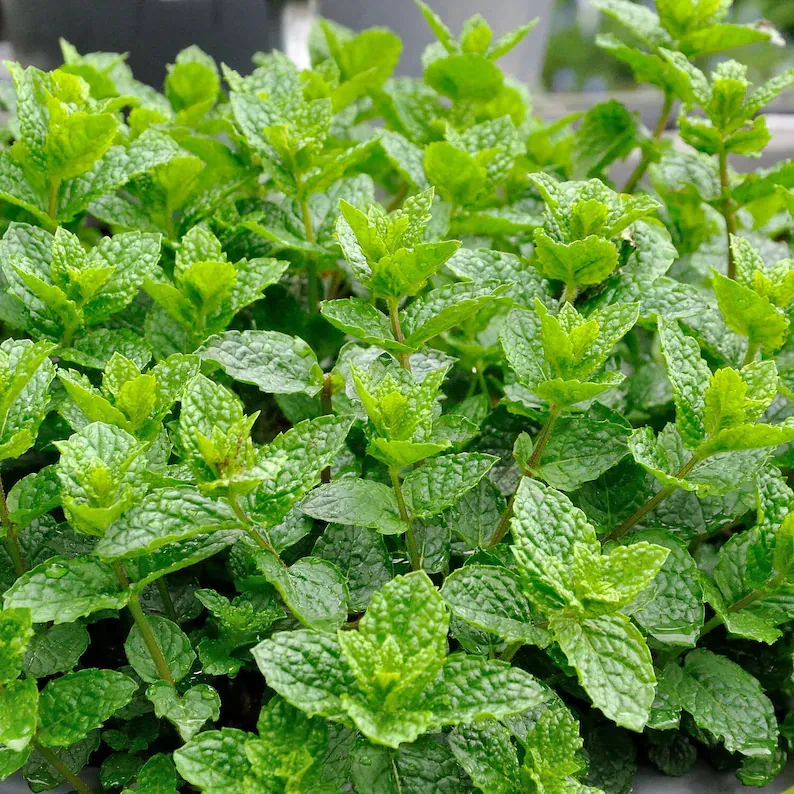 Semillas de Menta en Maceta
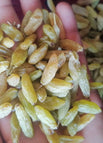 2.2 Pound (1Kg)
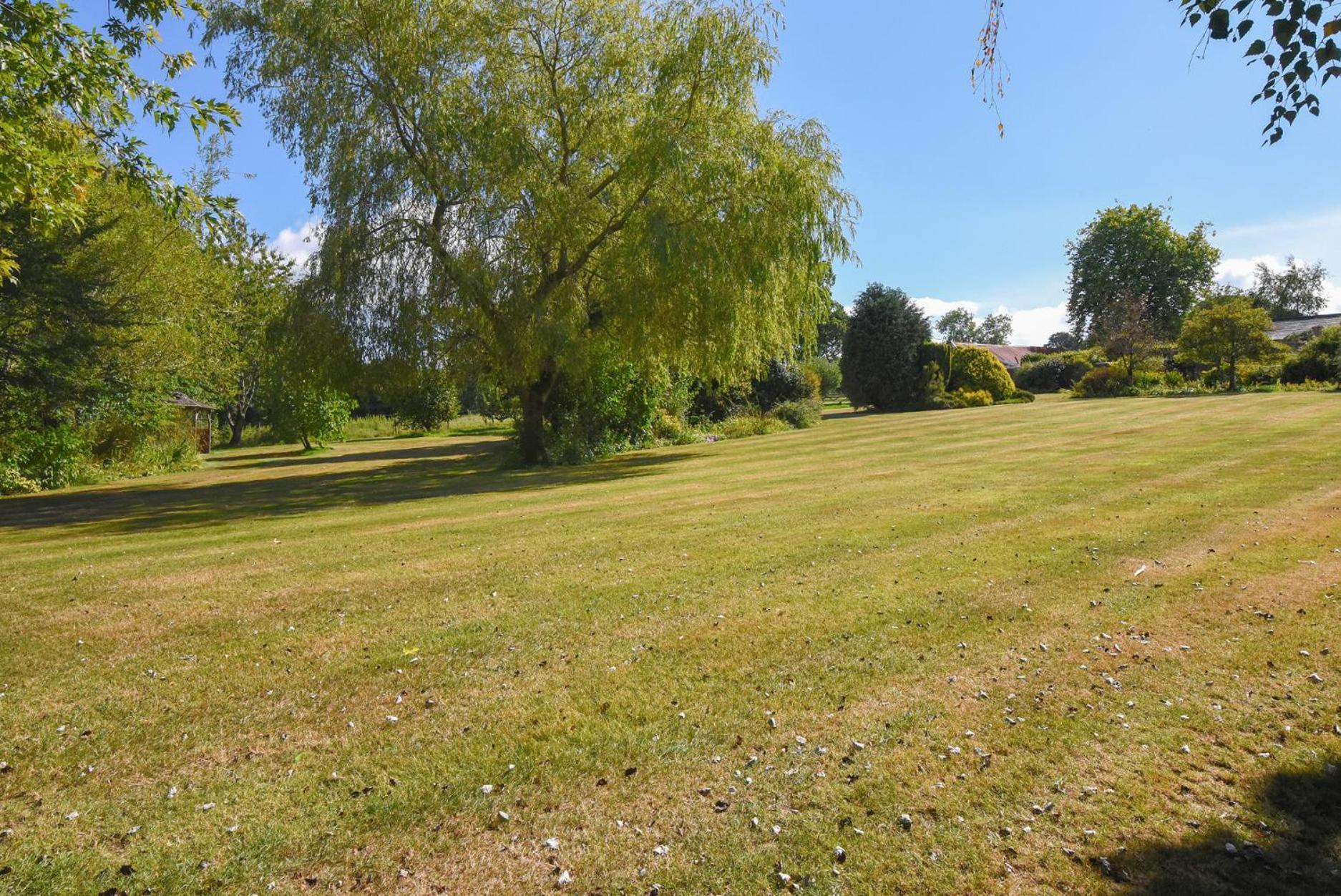 Vine Cottage Musbury エクステリア 写真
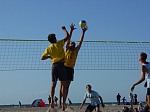 Bulle blockt
Gr��e: 600 x 450, 72794 Byte
Urheber: active beach e.V.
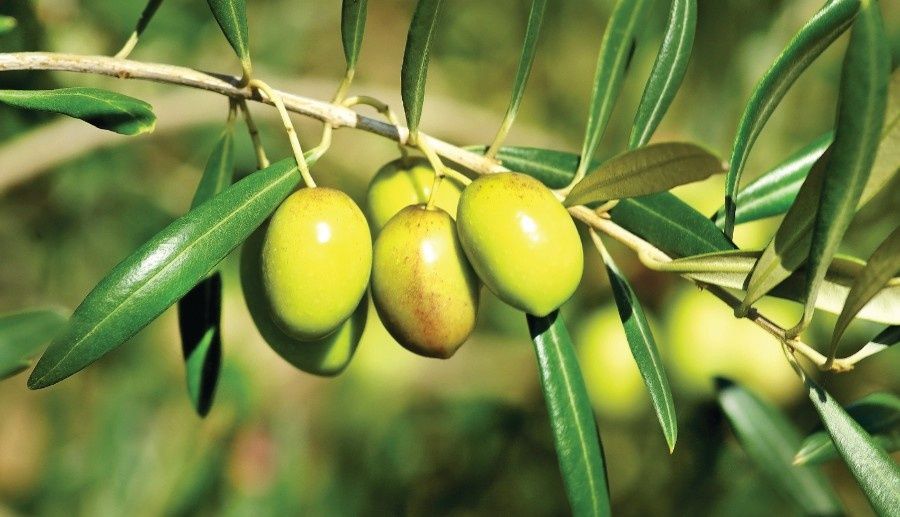 Serviço de apanha de azeitona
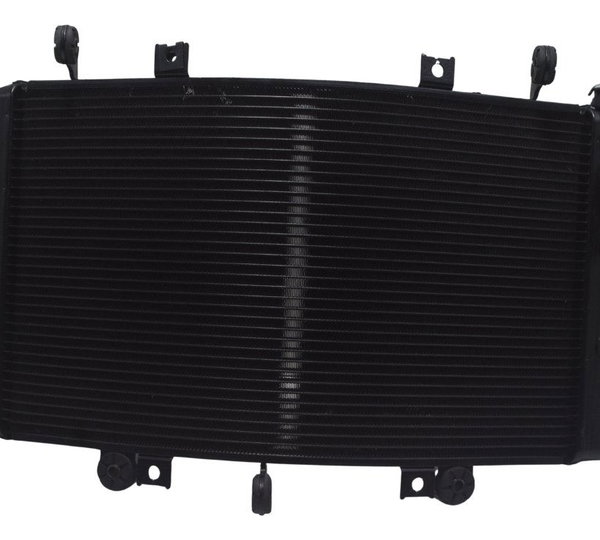 Radiador Suzuki Gsx-r 1300 Hayabusa 09-19 Original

● PROBLEM TO WORK ON
The listing above is to be set down word for word, without its images.

● YOUR RESPONSE
 Semillas de Menta en Maceta
 2.2 Pound (1Kg)
 Vine Cottage Musbury エクステリア 写真
 Bulle blockt
Gr��e: 600 x 450, 72794 Byte
Urheber: active beach e.V.
 Serviço de apanha de azeitona
 Radiador Suzuki Gsx-r 1300 Hayabusa 09-19 Original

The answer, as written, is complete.